I wasn’t expecting that. I’m usually impressionable in the opposite direction: well-crafted musical histories leave me unreasonably enthused about their subjects. After Please Kill Me, Legs McNeil and Gillian McCain’s uproarious account of New York punk, I listened to nothing but Marquee Moon for a month, and Alex Ross’s The Rest Is Noise led to numerous hopeful but fruitless forays into mid-twentieth century dissonance. Jesus, I even bought Threnody for the Victims of Hiroshima (1959-61). Yes, it seemed like a good idea at the time; no, I don’t know what a threnody is.
A week in the company of Mark Yarm’s Everybody Loves Our Town, on the other hand, and I only returned to Nirvana and Pearl Jam out of a sense of duty when writing the review, not out of any desire to hear them again. Apparently, this stuff means nothing to me any more; not even In Utero, or Unplugged in New York. It’s not the fault of the book. Everybody Loves Our Town is a brilliantly put together, painstaking oral history, a worthy companion to Please Kill Me.
You could even say Everybody Loves Our Town is the definitive account of grunge, but the beauty of a good oral history – the book is comprised of 250 interviews, spliced to form a narrative, without other input from the author beyond a preface – is that you see firsthand that definitive unitary histories don’t exist. Memories are imperfect and there are agendas everywhere.
Often, two versions of the same story sit in adjacent paragraphs. Sometimes the disagreements are over nothing; sometimes they are over something fairly serious, like whether Buzz Osborne of the Melvins was once in the process of injecting Kurt Cobain with a lethal dose of heroin when Courtney Love burst in and saved the day. Courtney: “Buzz (was) about to fucking kill Kurt”; Buzz: “How do you know Courtney Love is lying? Her lips are moving.”
So this is all good knockabout fun: but the heroin and death are relentless in Everybody Loves Our Town. Duff McKagan, known to us through Guns ‘n Roses but a Seattle resident in the early eighties, says that all the Seattle musicians he knew were on heroin, and that did not change in subsequent years. The stories of four bands are the cornerstones of the book: Soundgarden, Nirvana, Alice in Chains, and the Green River / Mother Love Bone / Pearl Jam triumvirate. Of these only Soundgarden were not at some point devastated by heroin. It becomes oppressive and even depressing; it makes you nostalgic for UK punk, where amphetamine was the Class A of choice. It makes you wish for a Seattle version of Johnny Rotten, speeded up, bouncing around and causing mayhem, when all Seattle seemed to produce was variants on Sid Vicious.

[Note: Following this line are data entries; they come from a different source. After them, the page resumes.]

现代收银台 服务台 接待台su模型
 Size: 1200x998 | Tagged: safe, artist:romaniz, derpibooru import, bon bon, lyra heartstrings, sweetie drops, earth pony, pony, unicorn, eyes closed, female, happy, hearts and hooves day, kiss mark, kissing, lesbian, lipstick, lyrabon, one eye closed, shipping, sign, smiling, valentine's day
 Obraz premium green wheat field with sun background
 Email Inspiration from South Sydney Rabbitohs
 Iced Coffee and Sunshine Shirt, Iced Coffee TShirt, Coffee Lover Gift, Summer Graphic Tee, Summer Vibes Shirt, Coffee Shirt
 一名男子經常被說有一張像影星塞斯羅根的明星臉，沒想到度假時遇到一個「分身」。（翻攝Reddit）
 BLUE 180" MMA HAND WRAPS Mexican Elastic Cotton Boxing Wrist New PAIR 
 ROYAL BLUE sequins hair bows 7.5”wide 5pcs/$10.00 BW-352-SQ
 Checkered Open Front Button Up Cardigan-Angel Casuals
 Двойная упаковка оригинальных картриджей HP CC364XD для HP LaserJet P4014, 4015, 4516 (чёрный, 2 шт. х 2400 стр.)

The question that lingered for me on finishing the book was straightforward: was grunge even that big a deal? To those of us who were around when it happened – those who remember ‘Smells Like Teen Spirit’ being banned from Thursday nights in McGonagles of South Anne St because it induced riots among the indie disco kids; those who remember exactly where we were when the news came through about Kurt – it seemed important at the time.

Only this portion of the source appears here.